The work was solid. The deadlines were met. There was just one problem: the person collecting the paycheck turned out to be a North Korean national using a stolen identity. 

Sounds wild, right? But it’s a real risk; the FBI even released an alert on the topic this summer. 

For Inversion6 CISO Tom Siu, stories like these represent a new frontier in cybersecurity—one where the traditional insider threats meet the new realities of remote work. 

"We're dealing with a new type of hybrid insider-outsider threat," Siu said. "Remote work didn't begin with the pandemic but it exploded during COVID and the hiring/vetting processes also became very liberal. 

“Many companies have ended up in this situation when you have remote workers you've never met and maybe never even seen in person,” he added. “But they are inside your environment. And a small percentage of them aren’t who they say they are. 


The Laptop Farm Next Door

Some of the schemes are deceptively simple. A company posts a remote IT position.

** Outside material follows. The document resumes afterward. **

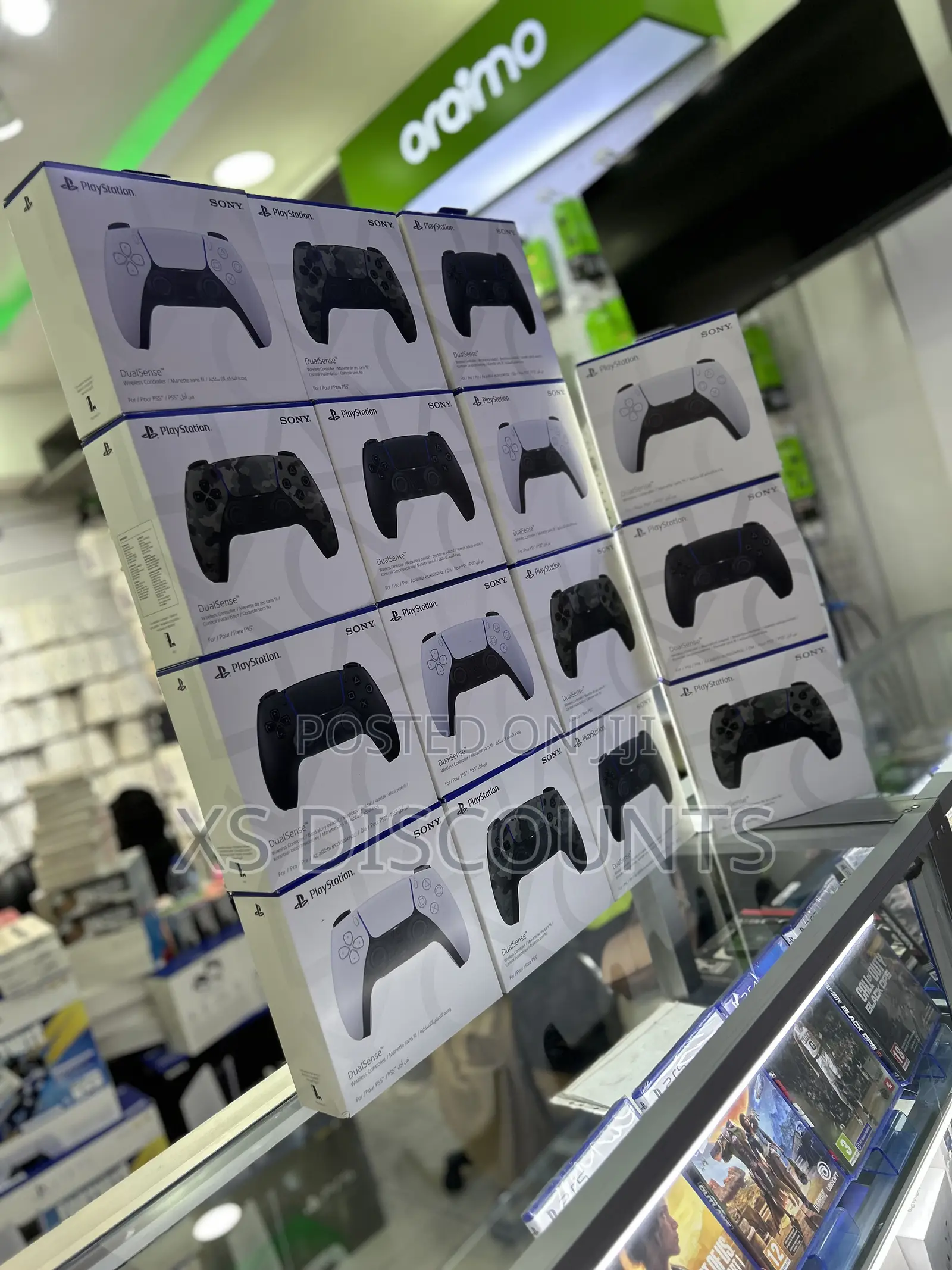 Assorted Ps5 Controllers!!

A candidate with an impressive resume and solid references applies for the job. Background checks come back clean. The hire is made. A company laptop ships to a residential address in Florida—or Texas or California. 

What the company doesn't know is that address is a "laptop farm," where rows of company-issued machines sit on racks, all being remotely accessed by workers who may be thousands of miles away, operating under stolen identities. 

The FBI has documented multiple cases of this exact scenario, with particular attention those North Korean state-sponsored workers we mentioned above, who use these tactics to generate revenue for the regime, bypassing the international economic sanctions, while stealing IP and gathering compromising information U.S. companies in the process. 

In one case, a blockchain company discovered they'd hired a freelancer operating under a stolen identity, who eventually stole over $1M in cryptocurrency from the firm. Guess where the scam originated? 

But what’s even weirder than North Korean scammer posing as an IT freelancer 

They often get their work done just fine—at least for a while. 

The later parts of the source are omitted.